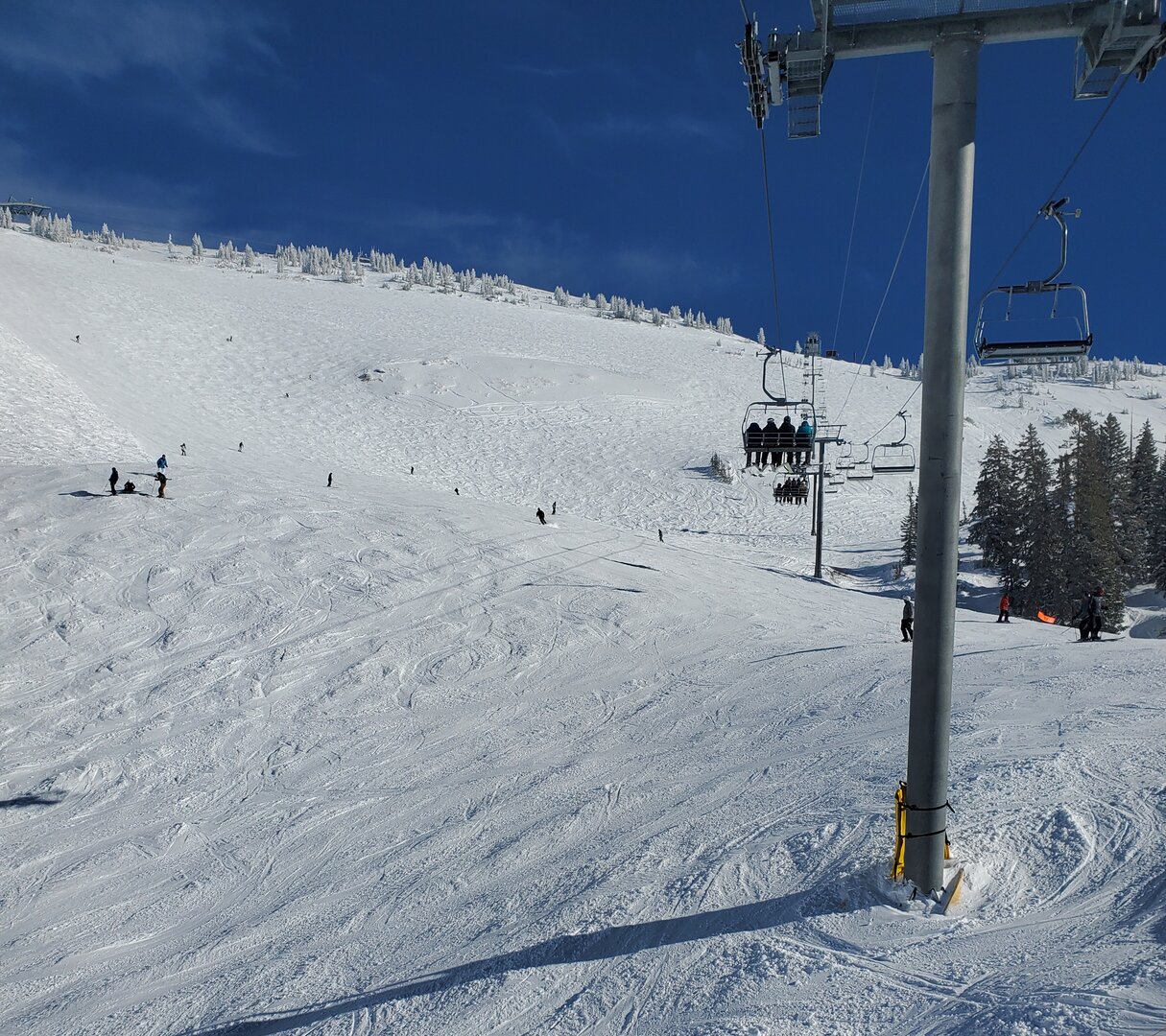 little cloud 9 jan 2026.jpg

--

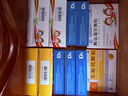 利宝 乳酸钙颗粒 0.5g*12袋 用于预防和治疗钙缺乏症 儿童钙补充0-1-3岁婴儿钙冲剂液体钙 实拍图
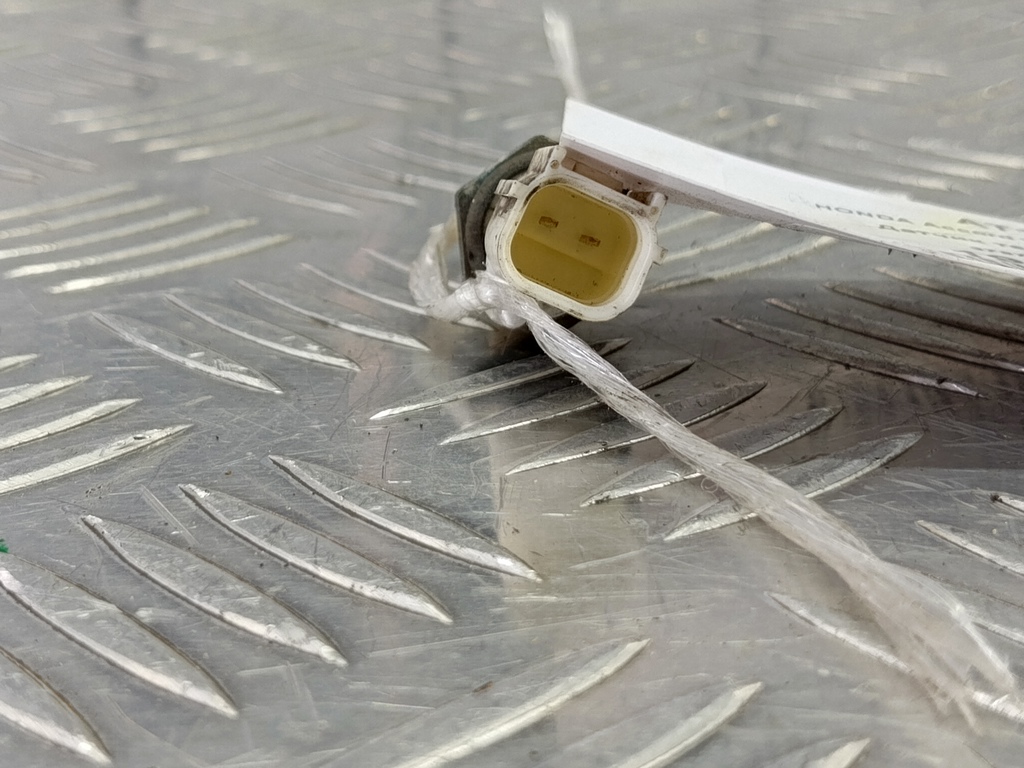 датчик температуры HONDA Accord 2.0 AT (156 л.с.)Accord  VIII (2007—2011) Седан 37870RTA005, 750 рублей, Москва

* WHAT THE TASK REQUIRES *
Begin at the line in the entries above that has "利宝 乳酸钙颗粒 0.5g*12袋", stop after the line that has "датчик температуры HONDA", and output exactly those lines without pictures.

* COMPLETED EXERCISE *
 利宝 乳酸钙颗粒 0.5g*12袋 用于预防和治疗钙缺乏症 儿童钙补充0-1-3岁婴儿钙冲剂液体钙 实拍图
 датчик температуры HONDA Accord 2.0 AT (156 л.с.)Accord  VIII (2007—2011) Седан 37870RTA005, 750 рублей, Москва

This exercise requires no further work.